# Red-tailed Take Off



## cre8foru (Jun 4, 2014)

Got this shot today. I was lucky enough to get about 15 yards away from his perch on a fence before he took off.



Red-tailed Hawk by cre8foru2009, on Flickr


----------



## ronfritz (Jun 4, 2014)

I always like to swing by and check out your photos.  Nice catch.


----------



## mlbfish (Jun 5, 2014)

Great capture. Good timing


----------



## wvdawg (Jun 5, 2014)

Very nice - you sure got close!


----------



## Dr.
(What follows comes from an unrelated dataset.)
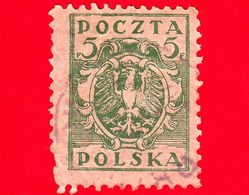 POLONIA - Usato - 1919 - Emissione Polonia Del Nord - Aquila Su Scudo - 5 - Used Stamps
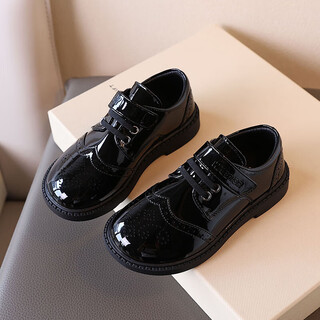 回力（Warrior）儿童皮鞋校园中大童英伦风亮面表演鞋 WPD(WZ)-0228 黑色 31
Strangelove (Jun 5, 2014)

Nice


----------



## seeker (Jun 5, 2014)

Down right awesome shot.


----------



## howardsrock (Jun 6, 2014)

Beauty of a shot!


----------



## Hoss (Jun 6, 2014)

Wonderful BIF capture, Cre8.


----------



## GAJoe (Jun 8, 2014)

Great action shot! Great focus and depth!


----------



## evans_usmc69 (Jun 10, 2014)

Gorgeous pic! I have a red tail around here I hope to get a shot of one day. Thank you for sharing


----------



## Jefeson (Jun 11, 2014)

Excellent. Freezing the wing motion makes this pic amazing. Very sharp!


----------



## cre8foru (Jun 11, 2014)

Thanks everyone.


----------



## pdsniper (Jun 16, 2014)

great detail, fantastic shot


----------



## Bulldawg76 (Jun 17, 2014)

Awesome! Just perfect.


----------